RECORDS FOR THIS EXERCISE:

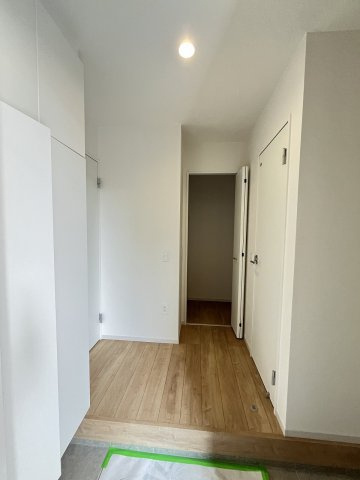 【玄関】 | 福岡市早良区賀茂1丁目1期　1号棟（全2棟）【仲介手数料無料・0円】 | 施工例。施工例は完成時と異なる場合があります。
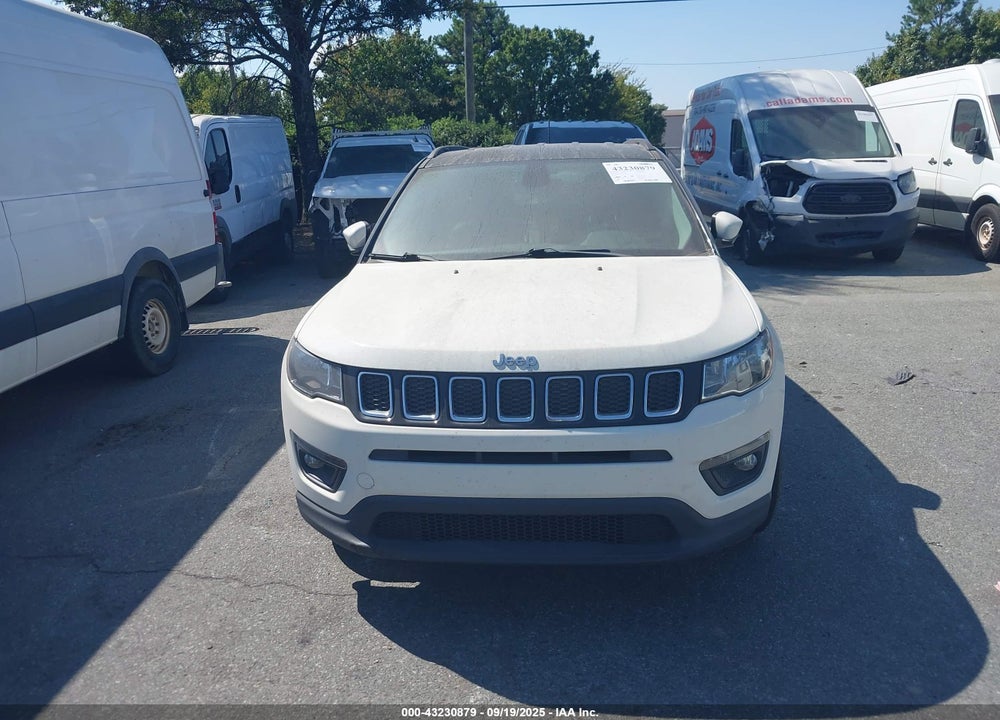 2018 JEEP COMPASS VIN: 3C4NJCBB0JT300094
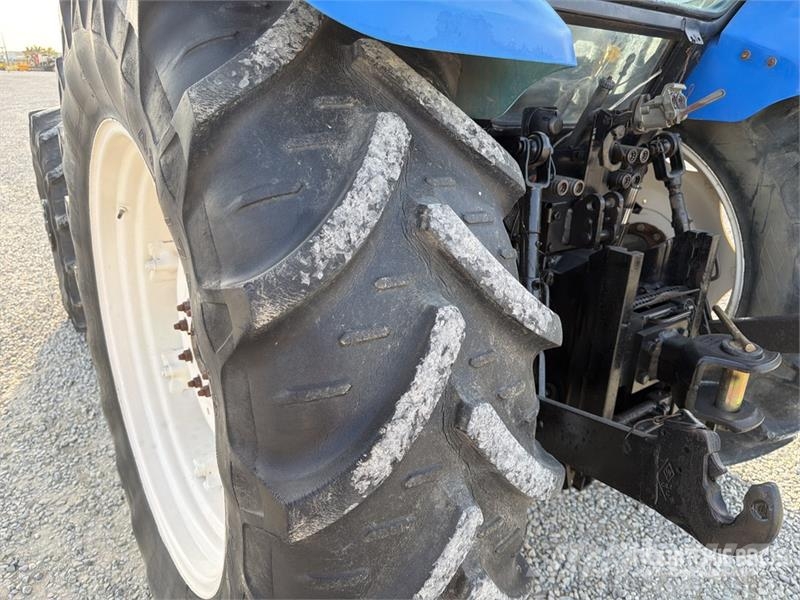 New Holland TL100 Trattori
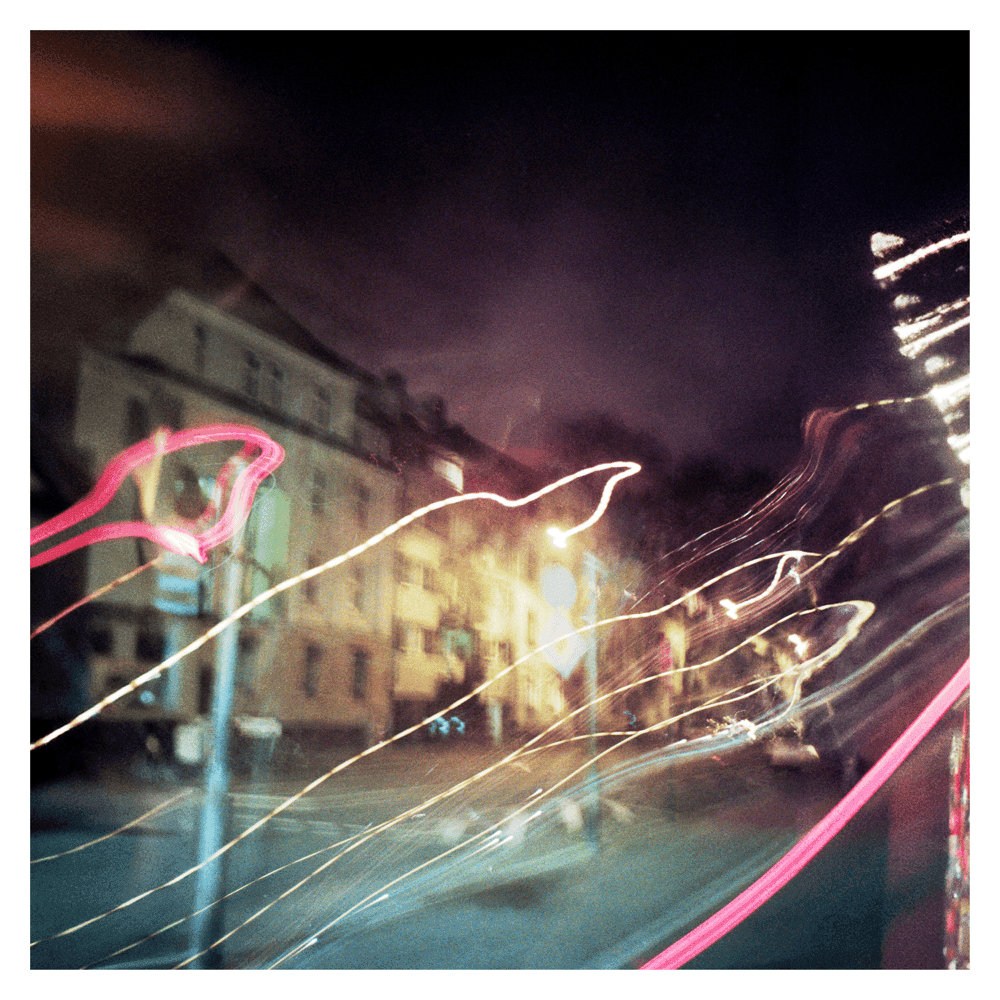 Album cover art for "halb 4" by RAUM27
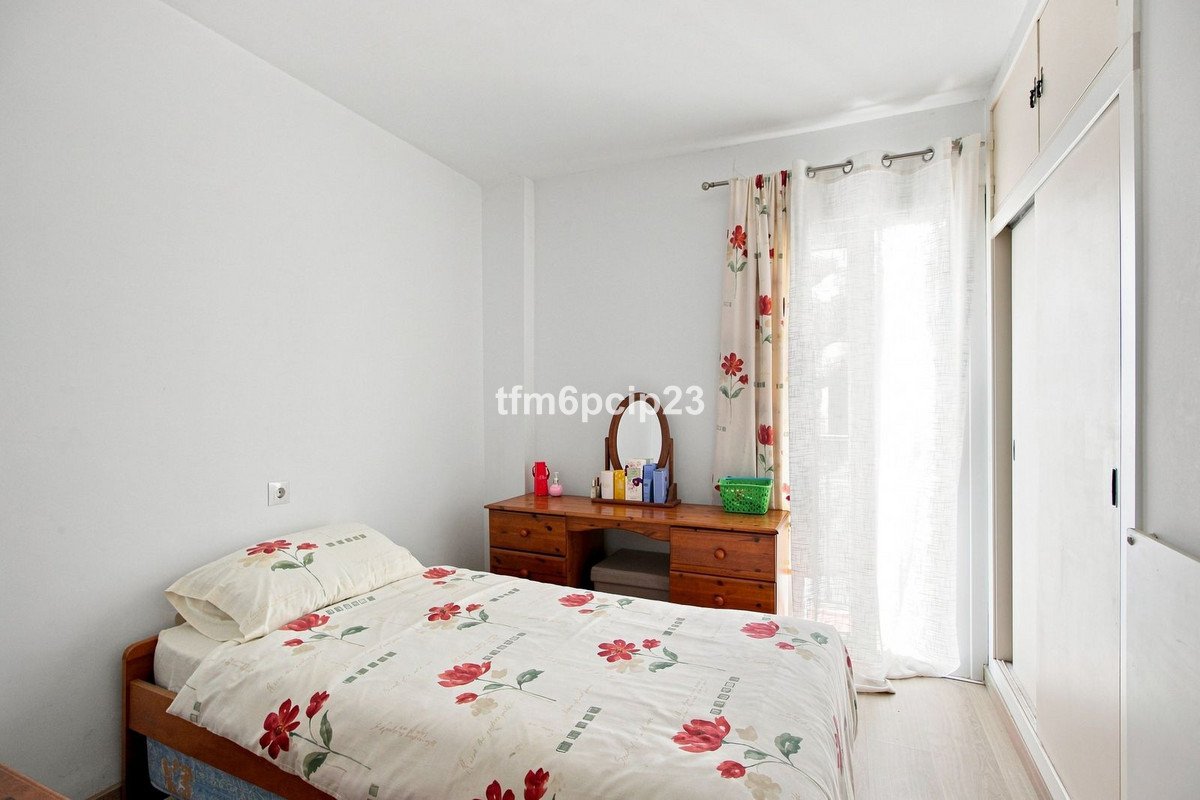 3 Bed Middle Floor Apartment in San Luis de Sabinillas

TASK STATEMENT: With the pictures removed, output the listing above exactly.

RESPONSE BOX:
 【玄関】 | 福岡市早良区賀茂1丁目1期　1号棟（全2棟）【仲介手数料無料・0円】 | 施工例。施工例は完成時と異なる場合があります。
 2018 JEEP COMPASS VIN: 3C4NJCBB0JT300094
 New Holland TL100 Trattori
 Album cover art for "halb 4" by RAUM27
 3 Bed Middle Floor Apartment in San Luis de Sabinillas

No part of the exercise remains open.